それでもグレーなのは,「微増ならバレ辛く,採用後の企業への影響も個人への影響もまだ少ない」というのが理由だからです。
具体的にどの程度なら良いかというと,「達成率85%を100%」などそのレベルです。
もちろん例外はありますが,この程度であれば,面接の会話でもバレづらいでしょう(←やってはいけません)。取り組んでいる業務内容などを聞いても,面接の場で明らかにできる範囲が,この達成率だと大差がなく,実際に一緒に働かないとわからない範囲です。
ただ,この場合,期待値が高く採用されるので,次の職場では前職よりかなり努力しないといけなくなるので,その覚悟をもつ必要があります。

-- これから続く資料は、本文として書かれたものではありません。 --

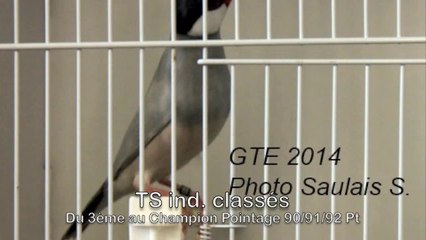 GTE 2014 Paddas Opale ind classes titre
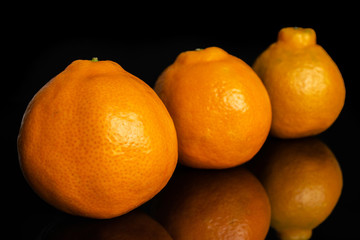 Group of three whole fresh orange tangelo minneola isolated on black glass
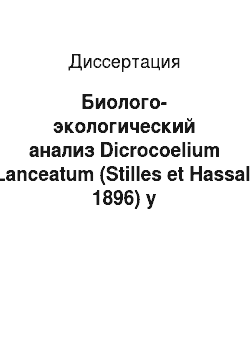 Диссертация: Биолого-экологический анализ Dicrocoelium Lanceatum (Stilles et Hassal, 1896) у дефинитивных и промежуточных хозяев в экосистемах Терско-Сулакской низменности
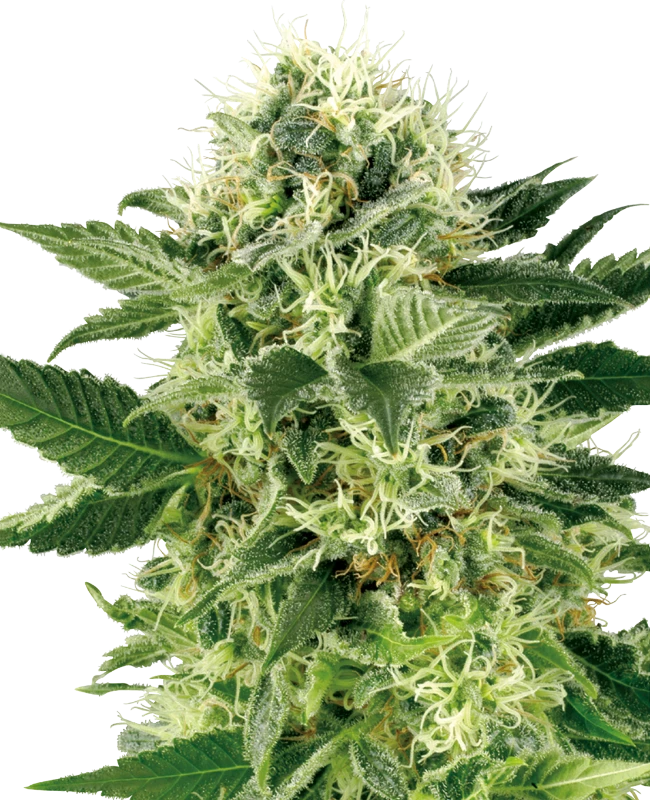 Northern Lights Feminized (Sensi Seeds) – Pflanze
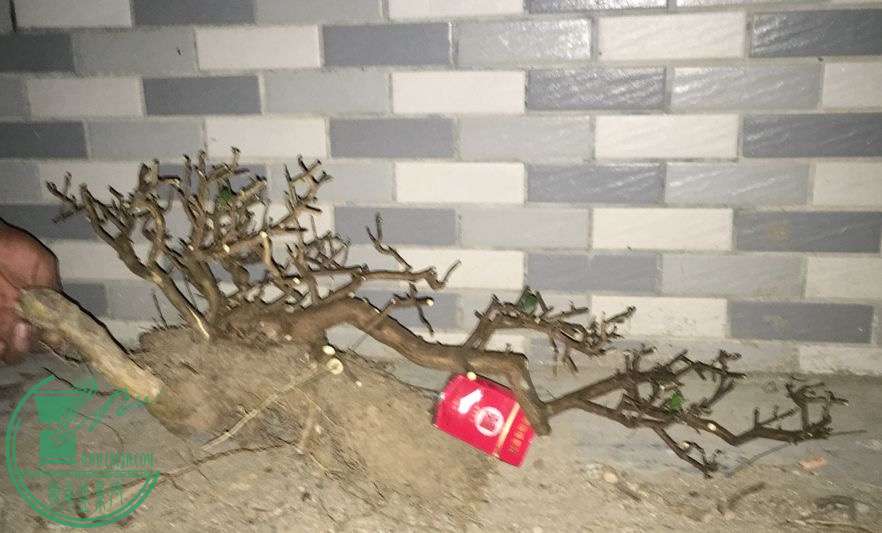 image.jpeg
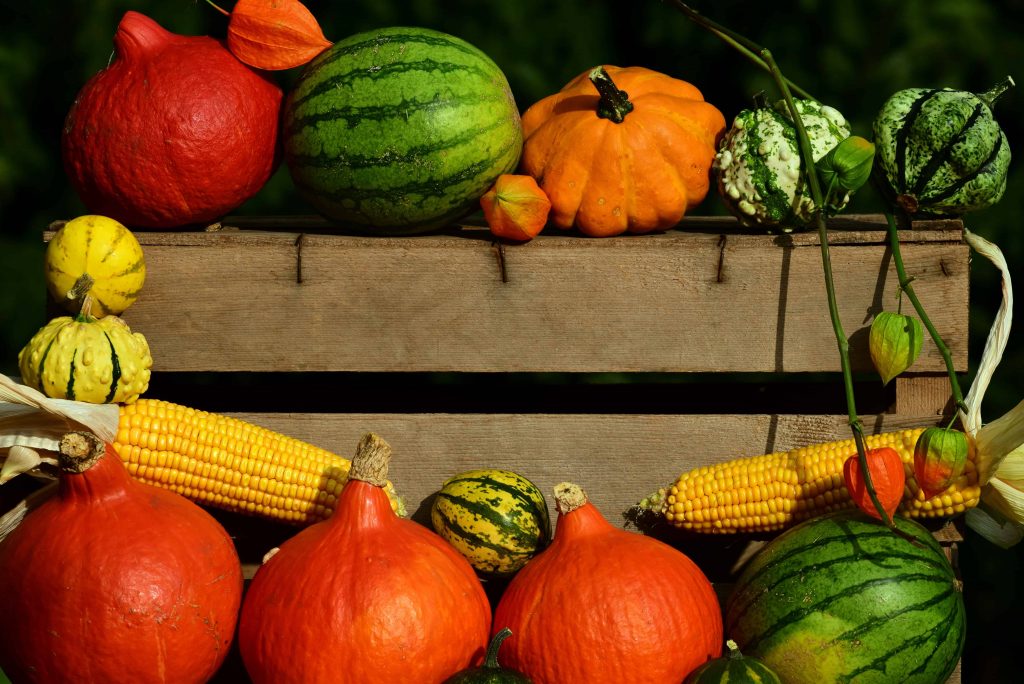 Autunno in Cucina: Cremosa Zuppa di Zucca e Porri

番外編:「詐称」ではないけれど,人材紹介会社が出会う切ないポジション名
- インサイドセールス
- Webライター
- フィードセールス
- 企画
- コンサルタント
「あれ,普通にあるポジションでしょ?」と思う方多いと思います。
たしかにこれらの職種の方は実際にいますし,ちゃんと転職市場で評価されるポジションをまっとうしていれば問題ありません。
ここで何を言いたいのかというと,「世間の評価と違うのにも関わらず,採用だけを考えたポジション名を”流行りの価値ある職種だ!”と信じてやまない方々」が多いということです。
「インサイドセールス」と言っているのに,「何の行動分析やマーケティングとのつながりもなく,テレアポをしてるだけ」という人も多いです。
また,Webライターも同じです。たしかにWeb上で文字を書く業務ならその仕事になります。ただ,企画・構成もせず,単に「文字を打ち込む」だけの方が名乗っていることも少なくありません。
他の例の職種も同じで,「嘘ではないがその職種とは認めづらいもの」も世の中には多いので,活躍していたとしても,井の中の蛙にならず,自分の仕事を見つめ直すのが良いでしょう。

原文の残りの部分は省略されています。